外国人が消えた東京・山谷地区の簡宿街 コロナ2年目試練の年末 生き残り策に成果も

城北労働・福祉センター前には14階建てマンションが建設中【写真:ENCOUNT編集部】
城北労働・福祉センター前には14階建てマンションが建設中【写真:ENCOUNT編集部】

かつて「年末年始は100%外国人」 試練の値下げ

「安く売ってたくさん泊まってもらうっていう方向に方向転換しています。薄利多売にシフトしないと、今生き残ることは難しい」

 こう話すのは、カンガルーホテルの小菅文雄さん。山谷生まれの山谷育ち。40歳までデザイン関係の仕事をしていたが、転職。09年の本館に続き、祖父から継いだ旅館を16年に再生し、別館(SIDE B)をオープンした。
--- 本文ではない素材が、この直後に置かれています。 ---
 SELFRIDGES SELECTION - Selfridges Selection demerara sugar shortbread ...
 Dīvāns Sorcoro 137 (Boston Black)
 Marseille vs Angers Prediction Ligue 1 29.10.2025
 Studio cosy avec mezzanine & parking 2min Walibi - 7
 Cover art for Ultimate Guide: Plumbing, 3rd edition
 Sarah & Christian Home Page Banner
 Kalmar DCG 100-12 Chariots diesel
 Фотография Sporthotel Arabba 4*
 山谷地区の中でもおしゃれな外観が目を引く。「インバウンドが年々増加している状況だったので、多くの人が利用しやすいような一般宿を目指しました」。狙いは当たり、経営は軌道に乗っていた。全室個室でリーズナブル、コロナ前は外国人にも人気の宿で、特に「年末年始は100%外国人でした」というほど。日本人の宿泊客も20代から30代が中心で、全体の7割が女性というのも大きな特徴だ。

 そんな小菅さんのもとにもコロナの波が押し寄せた。外国人は「月に1人か2人ぐらい。旅行ではなくて、日本に住んでいる外国人。インバウンドはないですね」。緊急事態宣言による外出自粛で日本人も離れた。「宿泊施設が供給過多になってしまっている。泊まるお客さんがいない」と状況は暗転した。

 さらに追い打ちをかけたのが、大手ビジネスホテルチェーンの戦略だった。コロナ禍で少しでも客室を埋めようと、1泊3000円台まで値下げするところもあった。これでは競合できないと判断した小菅さんは、宿泊料金を改定。それまで、最安3600円だったのを、今年4月には2300円まで値下げした。現在は時期にもよるが、2500円を最低ラインに営業している。「2500円という金額はかなりきつい。それでもやっていかなくてはいけない。今も低空飛行が続いています」と表情は険しい。